_Raw data_
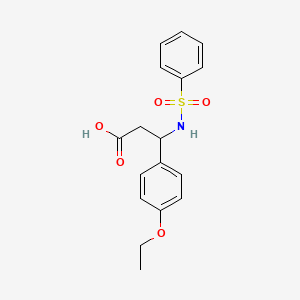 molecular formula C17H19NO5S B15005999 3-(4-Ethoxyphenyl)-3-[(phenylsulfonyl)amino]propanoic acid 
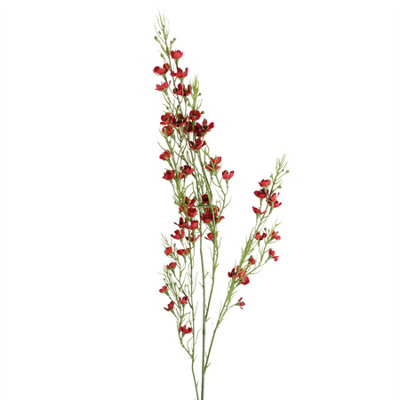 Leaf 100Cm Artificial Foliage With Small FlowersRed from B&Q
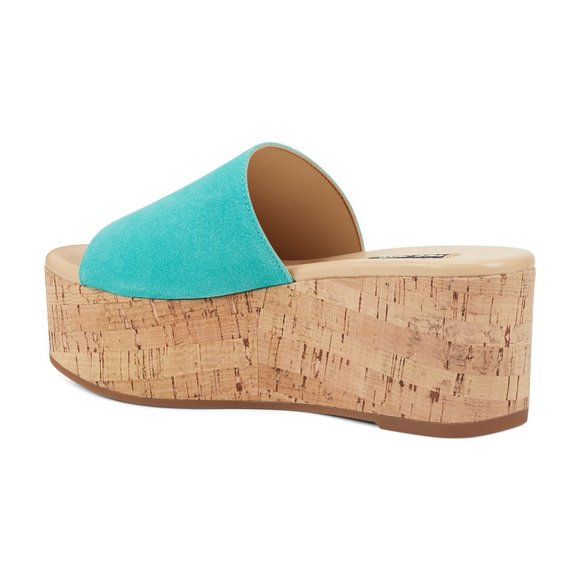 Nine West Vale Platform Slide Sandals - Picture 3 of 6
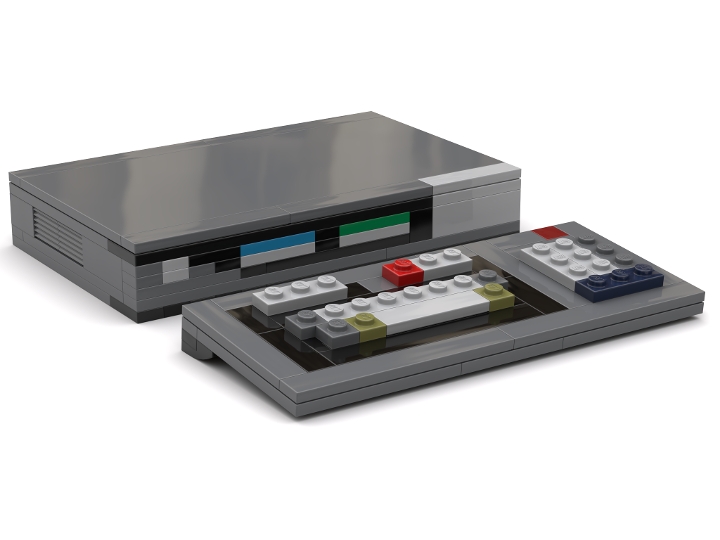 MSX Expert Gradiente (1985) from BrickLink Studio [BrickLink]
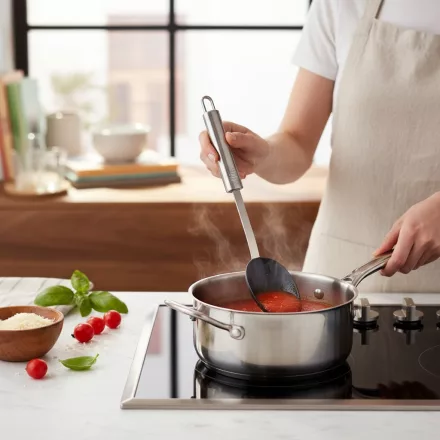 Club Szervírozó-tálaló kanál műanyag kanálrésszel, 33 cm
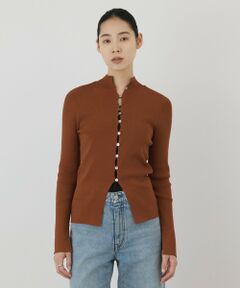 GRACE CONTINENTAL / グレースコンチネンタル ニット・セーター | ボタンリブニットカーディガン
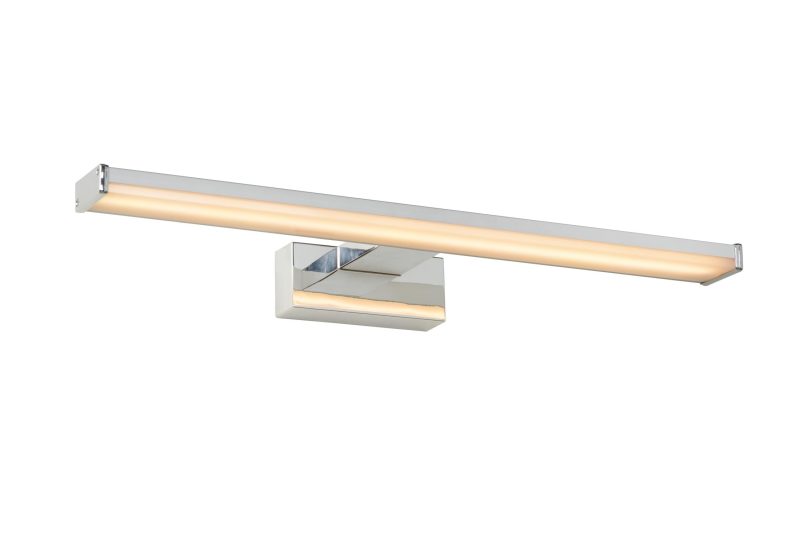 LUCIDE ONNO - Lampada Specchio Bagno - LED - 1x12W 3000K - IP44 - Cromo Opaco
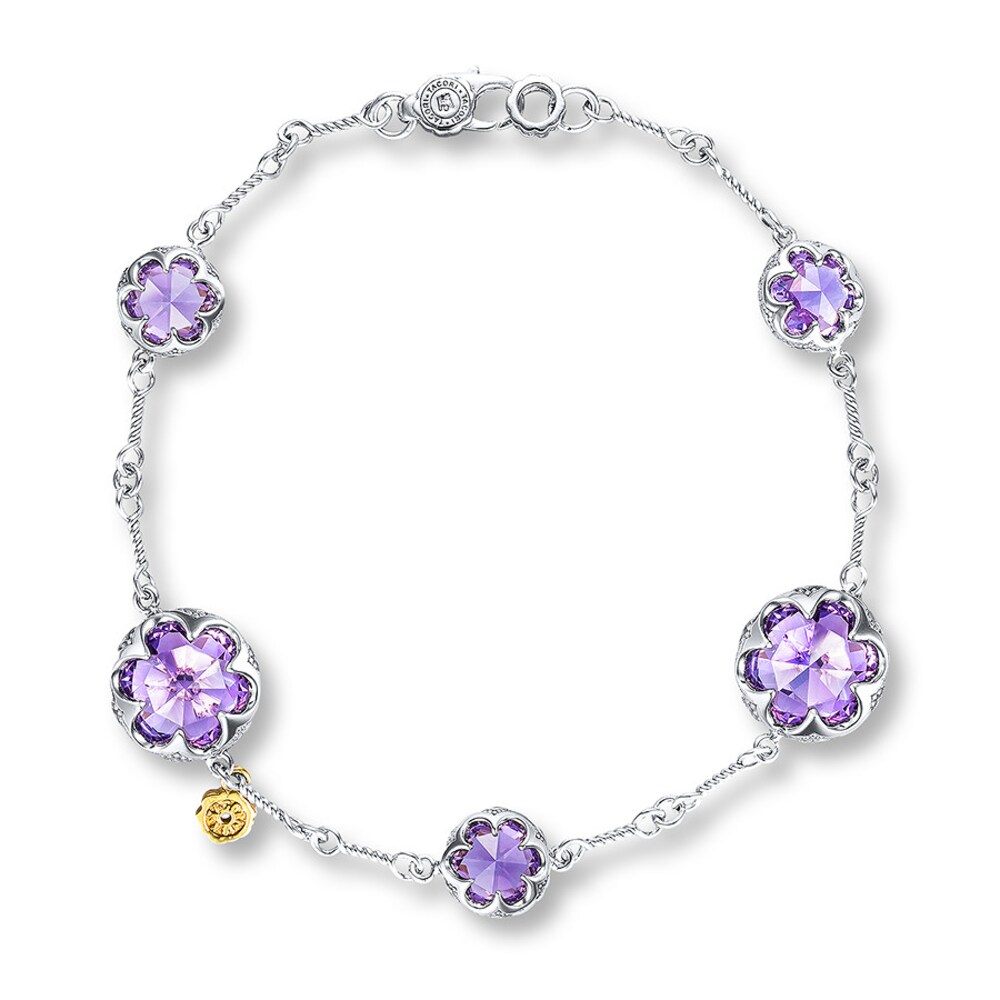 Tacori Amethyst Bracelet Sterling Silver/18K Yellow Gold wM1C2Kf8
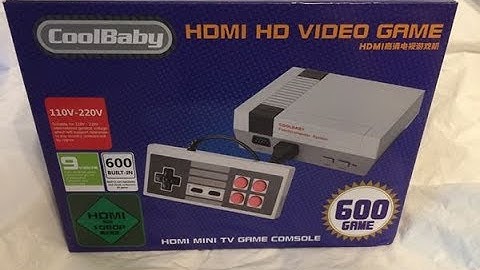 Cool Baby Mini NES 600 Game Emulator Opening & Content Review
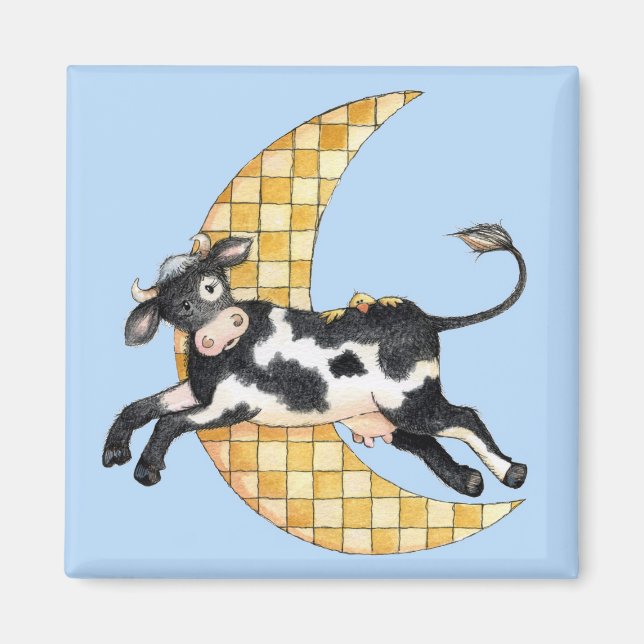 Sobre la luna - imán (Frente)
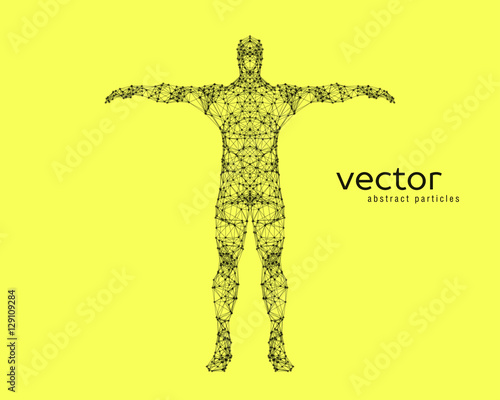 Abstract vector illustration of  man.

_Instructions to follow_
The records above should be output exactly, but without any of their pictures.

_Answer to this exercise_
 molecular formula C17H19NO5S B15005999 3-(4-Ethoxyphenyl)-3-[(phenylsulfonyl)amino]propanoic acid 
 Leaf 100Cm Artificial Foliage With Small FlowersRed from B&Q
 Nine West Vale Platform Slide Sandals - Picture 3 of 6
 MSX Expert Gradiente (1985) from BrickLink Studio [BrickLink]
 Club Szervírozó-tálaló kanál műanyag kanálrésszel, 33 cm
 GRACE CONTINENTAL / グレースコンチネンタル ニット・セーター | ボタンリブニットカーディガン
 LUCIDE ONNO - Lampada Specchio Bagno - LED - 1x12W 3000K - IP44 - Cromo Opaco
 Tacori Amethyst Bracelet Sterling Silver/18K Yellow Gold wM1C2Kf8
 Cool Baby Mini NES 600 Game Emulator Opening & Content Review
 Sobre la luna - imán (Frente)
 Abstract vector illustration of  man.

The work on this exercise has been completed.